Therapeutic applications of polymeric artificial cells

Nature Reviews Drug Discovery volume 4pages 221–235 (2005)Cite this article

Key Points

  • The concept of using 'artificial cells' — ultrathin polymer membrane microcapsules — to encapsulate materials such as transplanted cells, enzymes and absorbents was first put forward 40 years ago.

  • Encapsulation was proposed to protect the enclosed materials from the external environment, thereby helping to prevent rejection by the immune system.

  • The permeability, composition and configuration of the membrane can be varied using different types of materials, which allows for extensive variations in the properties and functions of the artificial cells. The artificial cells can also range in size from macro-dimensions of up to 2-mm diameter, through micron- and nano-dimensions to molecular dimensions.

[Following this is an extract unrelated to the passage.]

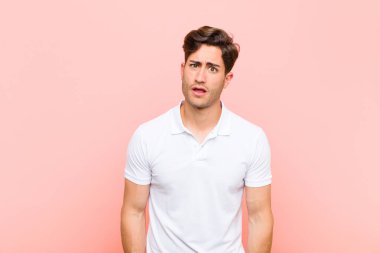Genç yakışıklı adam şaşkın ve şaşkın hissediyor, aptal, şaşkın bir ifadeyle beklenmedik bir şeye bakıyor pembe arka planda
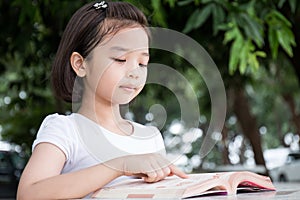 Little Asian child reading a book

  • This review considers potential therapeutic applications of artificial cells, from cell encapsulation to treat disorders such as diabetes and neurological disorders, to enzyme replacement therapies and red-blood-cell substitutes. The key challenges for the future clinical development of such approaches are discussed.

Abstract

Polymeric artificial cells have the potential to be used for a wide variety of therapeutic applications, such as the encapsulation of transplanted islet cells to treat diabetic patients. Recent advances in biotechnology, molecular biology, nanotechnology and polymer chemistry are now opening up further exciting possibilities in this field. However, it is also recognized that there are several key obstacles to overcome in bringing such approaches into routine clinical use. This review describes the historical development and principles behind polymeric artificial cells, the present state of the art in their therapeutic application, and the promises and challenges for the future.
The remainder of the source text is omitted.